Y aquí a la sombra imponente de esos
montes, como un astro que buscara un ocaso digno de él, vino a morir otra
cumbre: Martí.
stamos
cansados ya. Regresemos a nuestro Camagüey.
En el desorden de nuestra mente
danzan con locos giros la dramaticidad de Viñales, la melancolía de Yumurí, la
majestad de Puerto Boniato y la alegría de San Luis.
Queremos descansar la mente,
sumirnos en nosotros mismos para reflexionar, para saborear las bellezas que
hemos visto. Volvamos a Camagüey.
Pero antes de entrar en la ciudad,
en busca de serenidad para meditar, pasemos por las sabanas de Cubitas.

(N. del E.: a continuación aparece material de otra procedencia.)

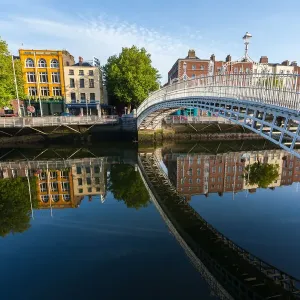 La Puente de la Ha'penny en la ciudad de Dublín, Irlanda. La Puente de la Ha'penny en la ciudad de Dublín, Irlanda.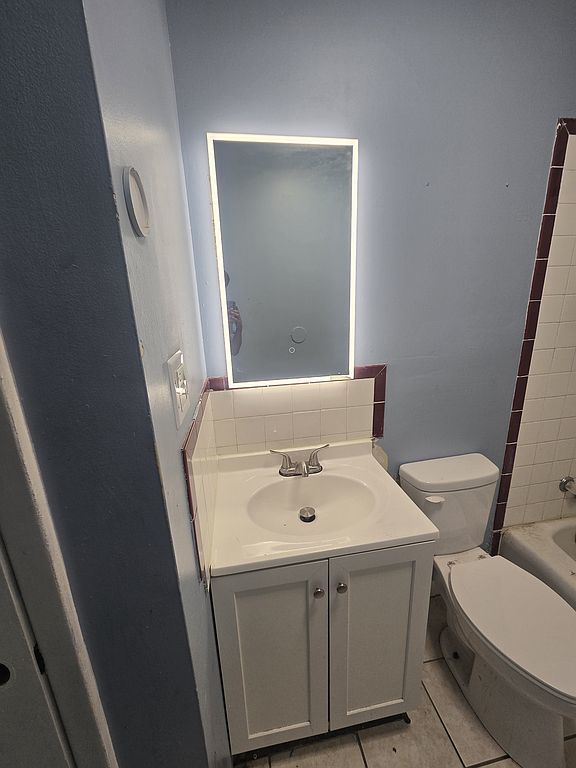 543 S 3rd Avenue Property Photo 5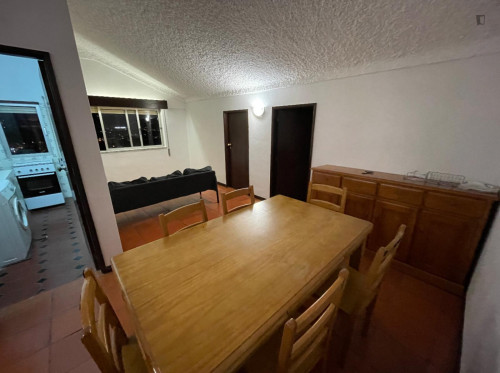 Profound Single Bedroom close to Coimbra University  - Gallery -  5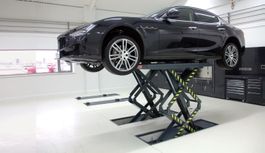 Autolift, Doppelscheren-Hebebühne RAV509IF 3500Kg.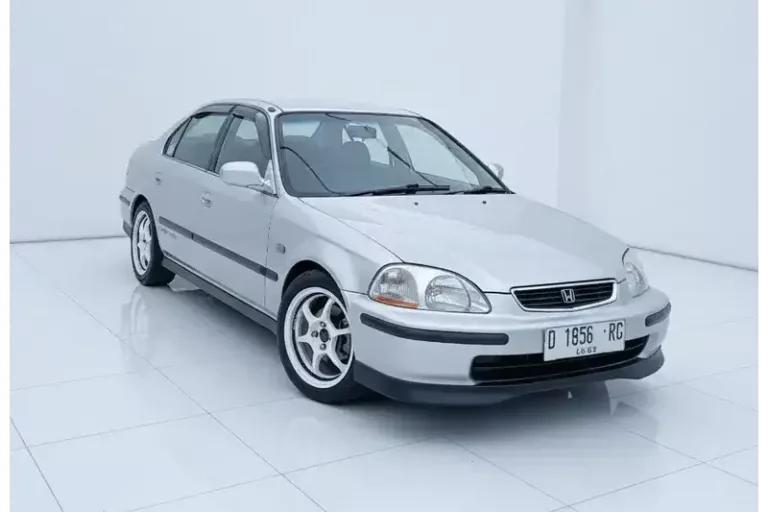 Tips Merawat Civic Ferio agar Tetap Irit dan Bertenaga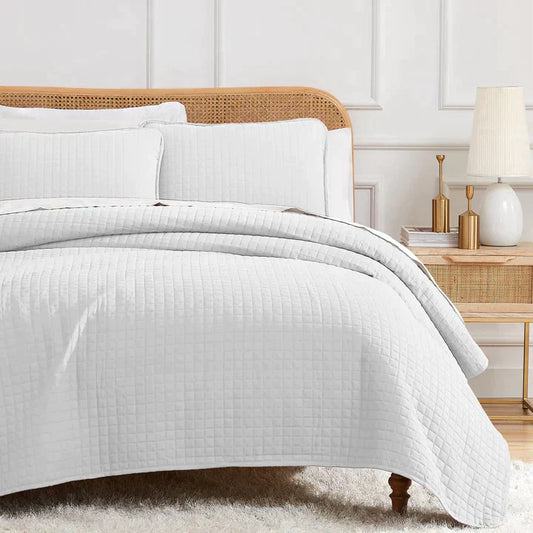 Small Squares Classic Quilt Set, White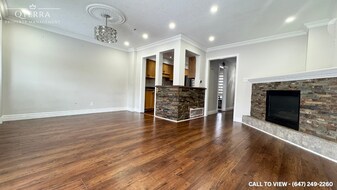 35 Jay St in Brampton, ON - Building Photo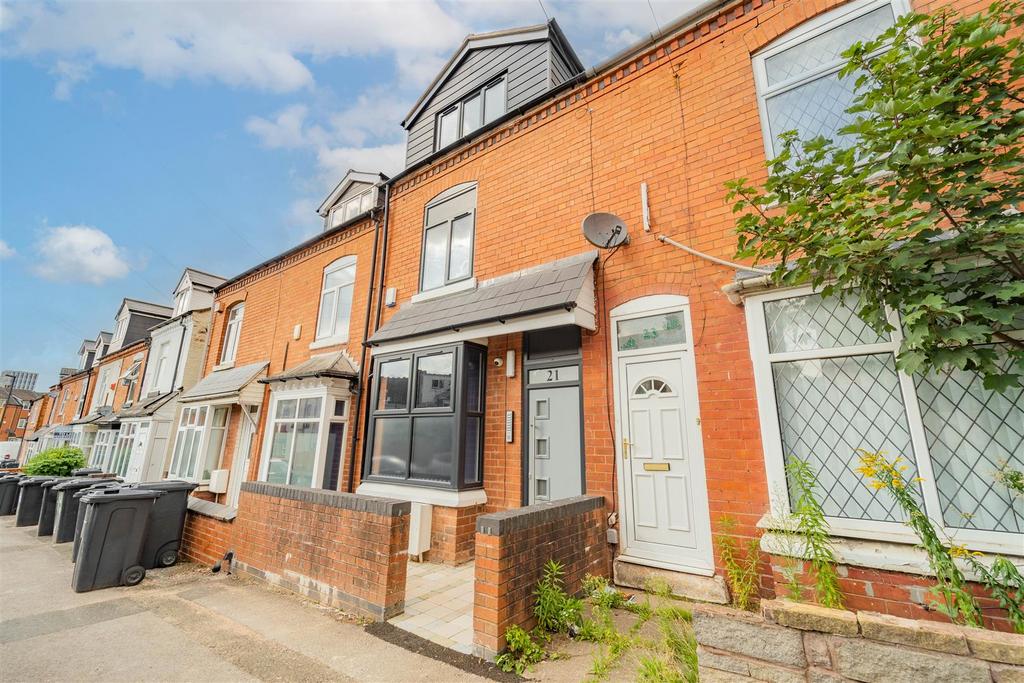 Teignmouth Road, Birmingham 6 bed house to rent £3,510 pcm (£810 pw)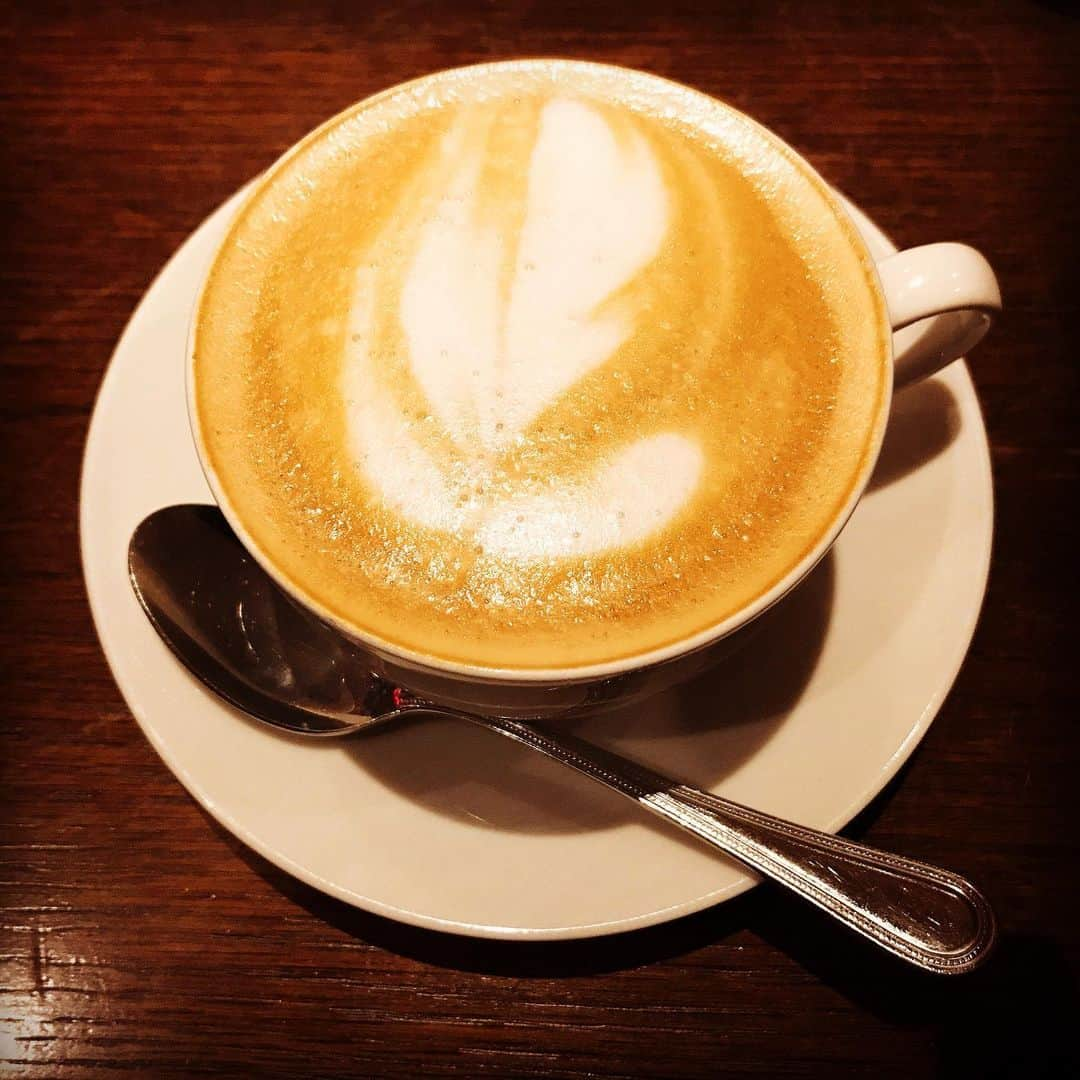 真野ゆりあさんのインスタグラム写真 - (真野ゆりあInstagram)「. 友達と夜カフェしてきた☕*° . バニララテとチョコブラウニー💕 . 雰囲気良いお店だったから 今度はご飯食べに行こう🍽 . #夜カフェ  #バニララテ  #チョコブラウニー  #また行きたいお店  #まったり時間☕️ #楽しかった😊  #そして美味しかった❤️」5月18日 3時35分 - mano_yuria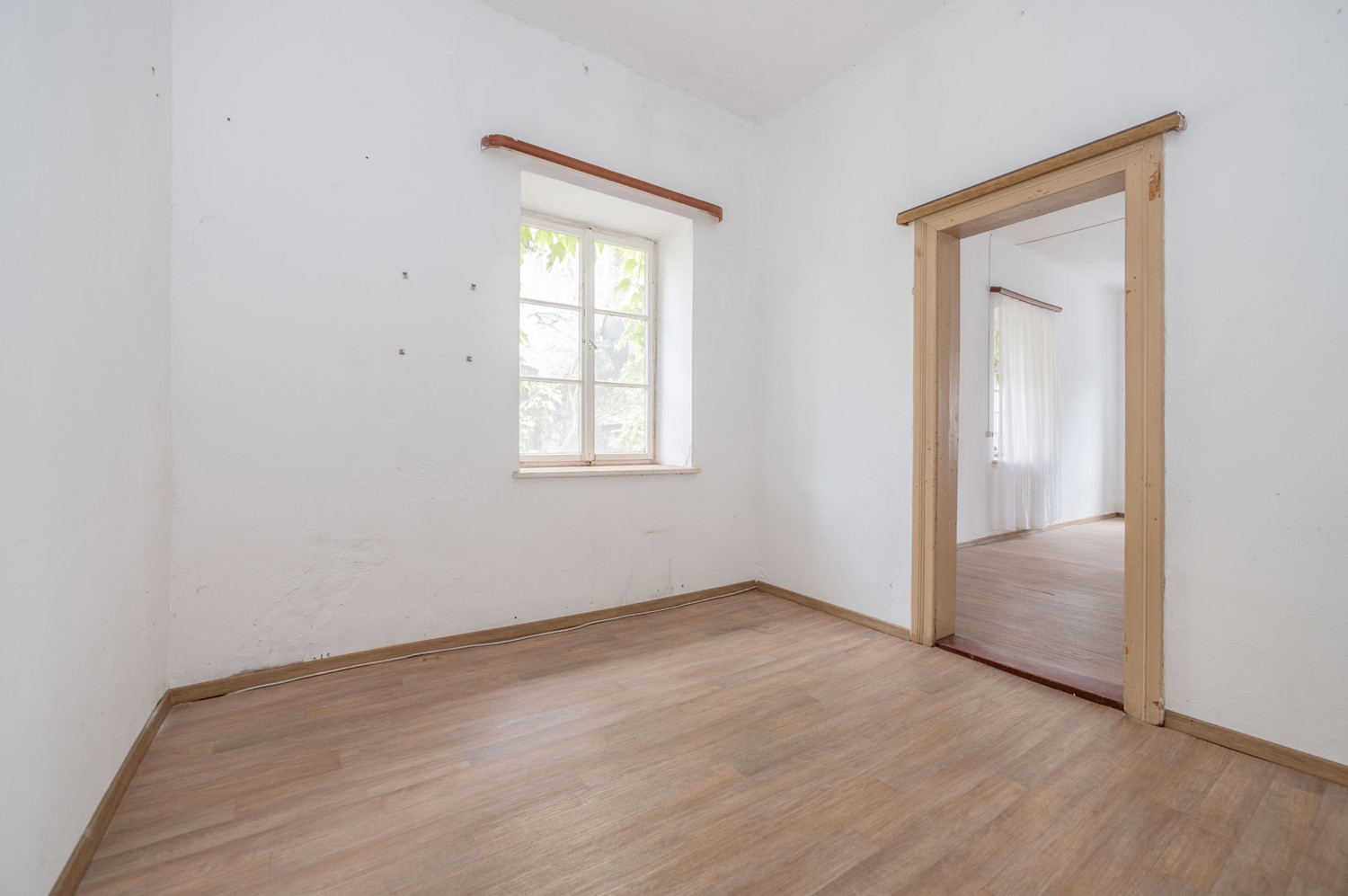 Gebäude-Ensemble-Denkmalschutz
Großes eingewachsenes Grundstück- 
Lassen Sie Ihren Ideen freien Lauf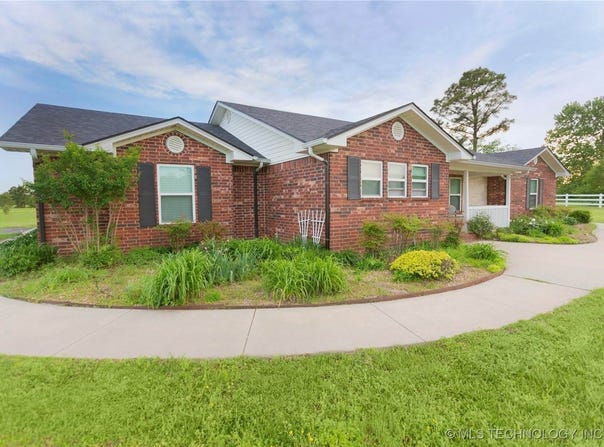 2284 East Roping Road, Atoka, OK 74525
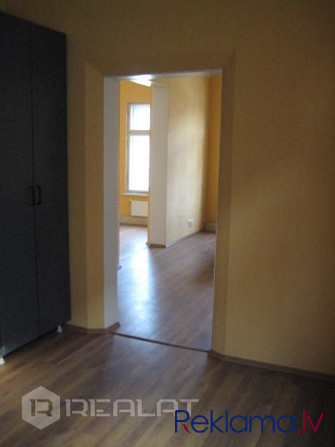 Inzoma divu līmeņu biroja telpas Brīvības ielā. Nomas maksa ar iekļautiem komunālajiem maksājumiem i Рига - изображение 9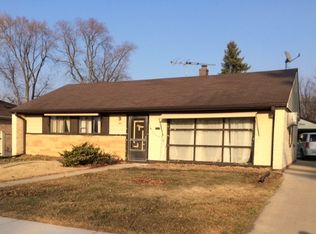 937 E Villa Dr, Des Plaines, IL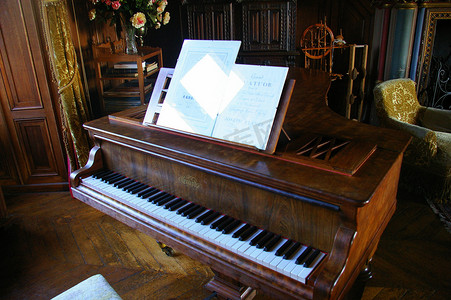 古董钢琴在一个有时代家具的房间里
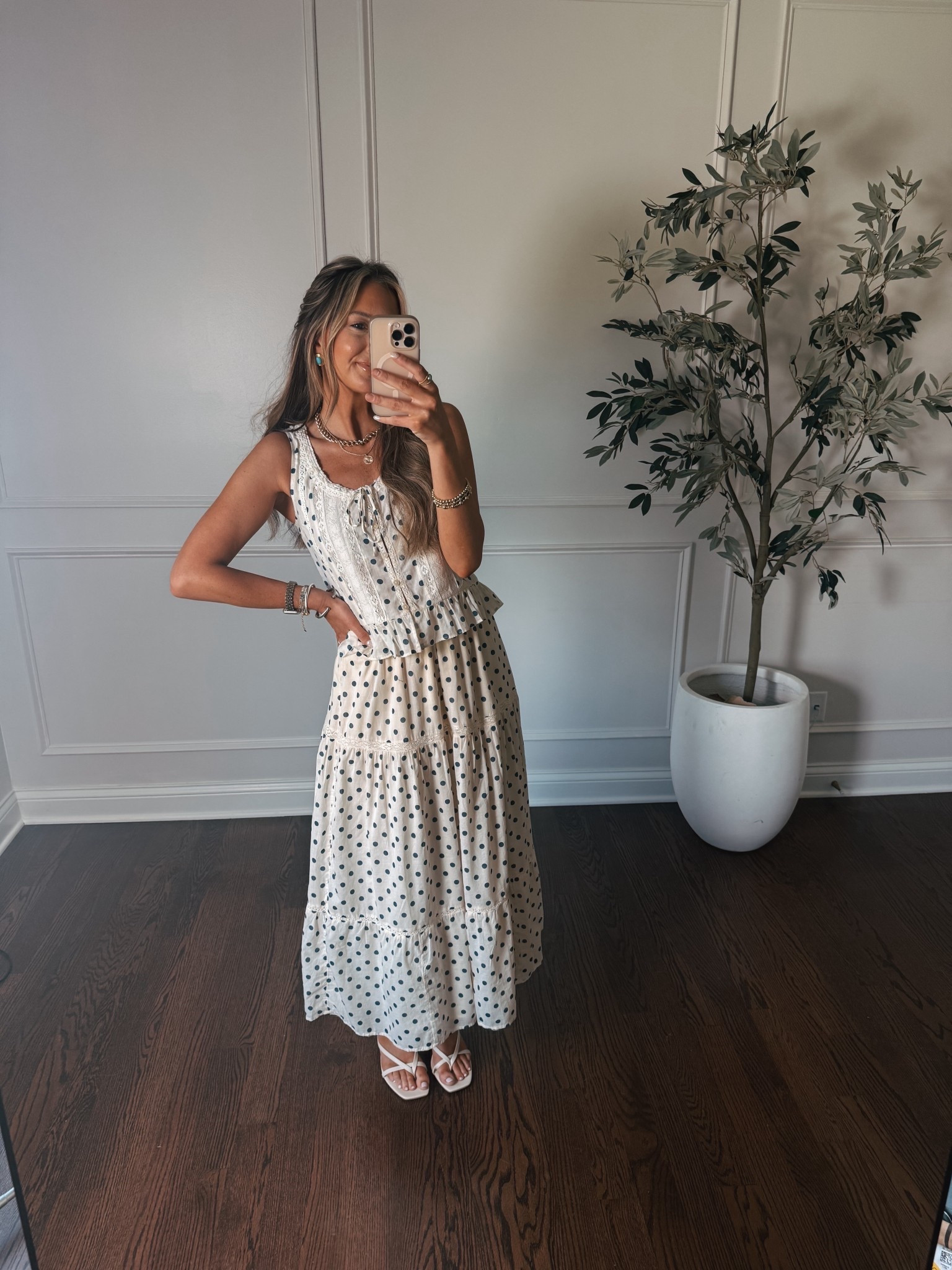 THe cutest spring set! Wearing size small. 



#LTKootd #LTKmomlife #LTKgrwm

Llanuras vastas, inmensas, que se
pierden en el horizonte. Tierra roja incendiada por el sol. Un cielo azul y
luminoso que se une con la tierra en la línea rasa impecablemente horizontal
del confín que abarca la mirada. Y en toda la extensión no se divisa un alma.
Soledad . . . inmensidad. . . . Voy
a comprender la noción de lo infinito; pero, medroso, el pensamiento vacila y
desiste. Nos hemos sentido un grano de polvo entre dos inmensidades que nos
aprisionan. Cielo . . . Tierra . . . yo. . . .
¿Quién podrá comprender el misterio
de ese cielo? . . . ¿Quién podrá descifrar el enigma de la tierra? . . . Cielo
. . . Tierra . . . y otra vez, yo.
Nada más a mi lado; nada más me
revelan mis sentidos que la desconcertante trilogía, que como un ritornelo me
repite el silencio en los oídos: Tierra . . . Cielo . . . yo.
Vuelvo hacía dentro mi pensamiento .
. . y este ¿Soy yo? . . . Ya no soy aquel grano de polvo perdido en el espacio.
Me he visto el alma, y ahora sé que soy grande. Grande, como la tierra inmensa;
grande, como el cielo infinito.
Ahora comprendo todo lo grande que
ha concebido el alma humana. Creo en Dios con una fe tan firme, tan sincera
como nunca la había sentido. Amo a Dios y en Él a mis hermanos los hombres y
comprendo la grandeza del amor de caridad.
Siento que mi pensamiento se ilumina
con la claridad del ideal. Sabana, luz, inmensidad. Aquí se desprecia la vida
que no consagra al ideal. Aquí se comprenden la heroicidad y el martirio.
Inmensidad, sabana, luz. . . .
Miro hacía atrás, allí está la
sierra cubierta de piedras bravías y de monte firme. Muy cerca unas lomas
áridas como la sabana se me ofrecen de atalaya. Subo a una de ellas y vuelvo
otra vez la vista a la llanura inmensa. Debajo, la tierra; encima el cielo; y
en el medio, yo. Pero ya no estoy solo, porque está conmigo mi ideal.
Sabana, idealidad, inmensidad, luz.
Patricios del 68. Agramonte. El Marqués. Constituyentes de Guaimaro. . . .
Y el entrar en la ciudad, comprendo
el alma de Camagüey. Camagüey ha
sido eso en nuestra historia, solo eso: Idealidad.